The Technology package features a larger central iDrive screen, an upgraded iDrive controller, a navigation system, an enhanced driver information display in the gauge cluster, a head-up display, smartphone-app integration and BMW Remote Services (featuring remote vehicle access via smartphone and remote locking/unlocking via BMW's call center).
Stand-alone options include some of the above items (navigation, adaptive cruise, heated front seats) plus a driver-adjustable suspension, an automated parking system and wireless smartphone charging bundled with on-board Wi-Fi.
The 2017 BMW X4 xDrive28i has a 2.0-liter turbocharged four-cylinder engine that produces 240 horsepower and 260 pound-feet of torque.

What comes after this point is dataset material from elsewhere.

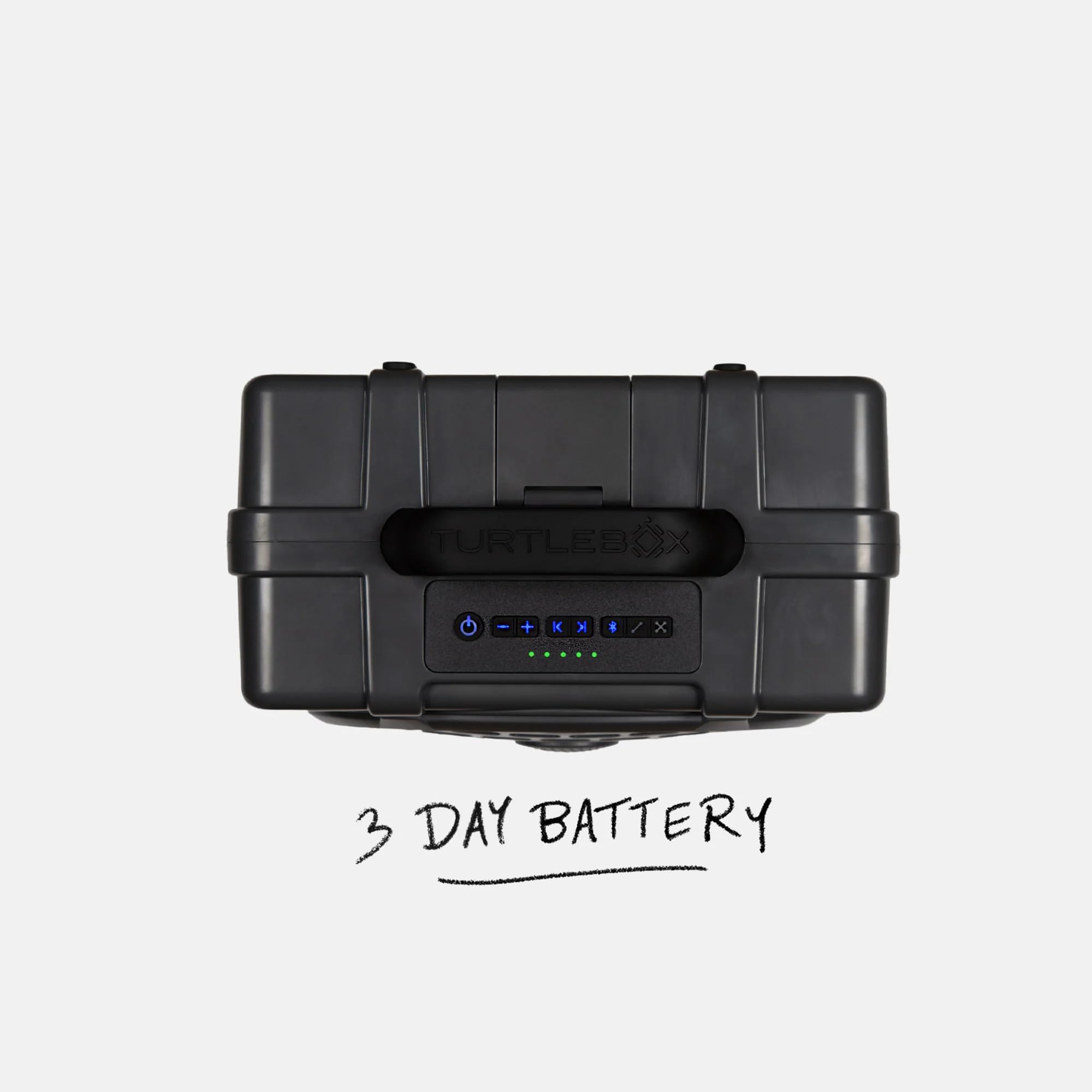 Turtlebox Original Gen 3 battery indicator highlights long playtime for weekend trips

All-wheel drive, an eight-speed automatic transmission and an automatic stop/start system are standard. At the Edmunds test track, an X4 xDrive28i sprinted to 60 mph in 6.3 seconds, which makes it the quickest in the segment for a base engine (at the time of this writing). We expect EPA-estimated fuel economy to stand at 23 mpg combined (20 mpg city/28 mpg highway) for 2017.

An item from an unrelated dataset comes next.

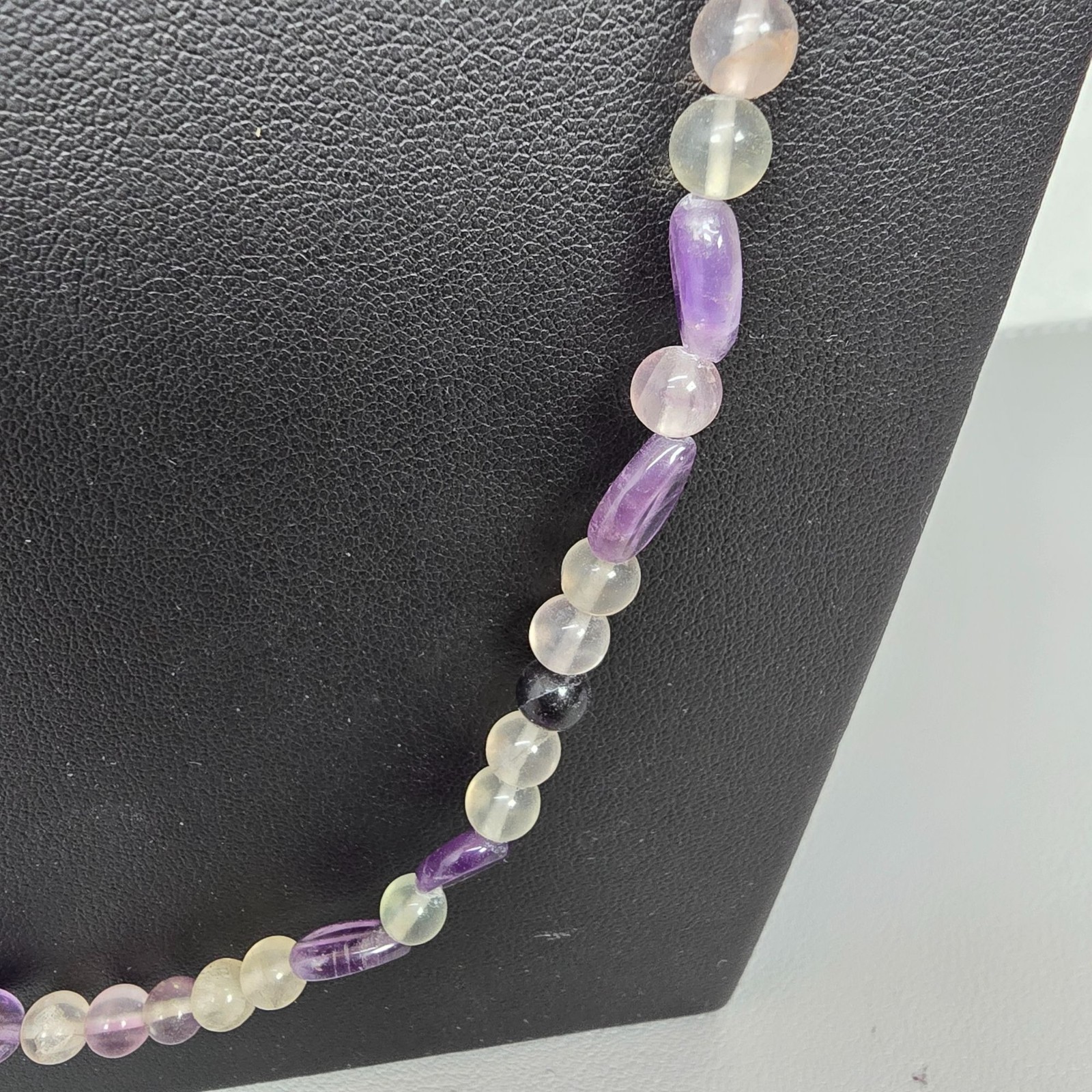 Lovely Artisan Amethyst & Quartz Crystal Multi Stone Beaded Long Necklace 34″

The M40i has a 3.0-liter turbocharged inline-6 good for 360 hp and 343 lb-ft of torque. It, too, has all-wheel drive and an eight-speed automatic. BMW says that it will hit 60 mph in 4.7 seconds, which would best (by quite a lot) all in the segment except the Porsche Macan Turbo. EPA-estimated fuel economy is 21 mpg combined (19 mpg city/26 mpg highway), which is pretty remarkable given its performance.
There are no complaints when it comes to performance. The "base" turbo four-cylinder packs a real wallop when you put your foot in it, pressing you back in your seat and making a mockery of its claimed 240-hp output. Really, this is more than enough power for most shoppers. Only those desiring overkill should consider the M40i, which is a legitimate high-performance proposition with acceleration numbers that rival high-powered sport SUVs.

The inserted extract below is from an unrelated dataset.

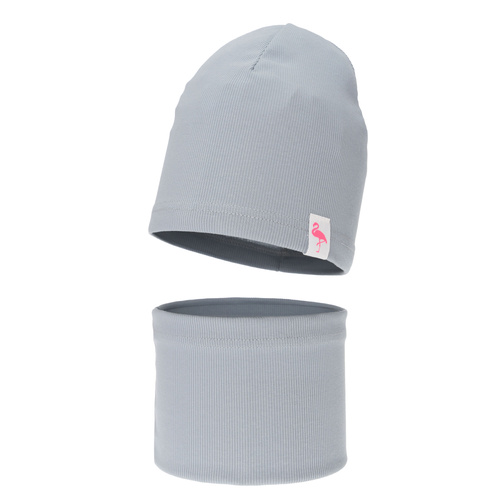 Komplet podzimní, jarní dívčí bavlněná: čepice a tunel, šedý, Rumilla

Similar accollades can be heaped upon the M40i's prowess around corners, as its steering and road-holding abilities should stand up well to not only the Porsche Macan but also other competitors from Jaguar and Mercedes. The same can't quite be said of the xDrive28i, though, which we've found to be a bit squishy and ponderous for a vehicle bearing the BMW badge. It's more comfort-oriented, which may nevertheless be welcomed by some shoppers.
The X4's front compartment feels somewhat more intimate than that of the X3, highlighted by a wide center console that creates a sporty, dual-cockpit feel. Top-quality materials are evident throughout and the various tech controls and features are typical for the segment (which means they'll probably be user- friendly enough after a lengthy get-to-know-you process).
The standard front seats provide adequate comfort, but definitely check out the M Sport front seats as their bolsters are much more substantial all around. The back seat may be an issue, though. It's well-shaped for two, but the bottom cushion has been mounted quite low to accommodate the downward sloping roofline. This reduces comfort considerably and headroom for taller passengers can still be tight. The back seats of more conventionally roofed rivals, including the X3, are much better. Even the similarly shaped Mercedes-Benz GLC-Class Coupe has a more spacious and comfortable back seat.
Things don't improve further back. With 17.7 cubic feet of storage behind the rear seat and 49.4 cubic feet with the rear seatbacks folded down, this crossover has less cargo room than the humble Volkswagen Golf hatchback. Now, there's no doubt that many will be fine with diminished practicality if they value the M4's distinctive styling, but just know that virtually every compact luxury SUV is more capable of carrying a big TV box or whatever other bulky items that would normally fit in an SUV. For comparison sake, the X3 maximum measurements are 27.6 cubes and 63.3 cubes, respectively.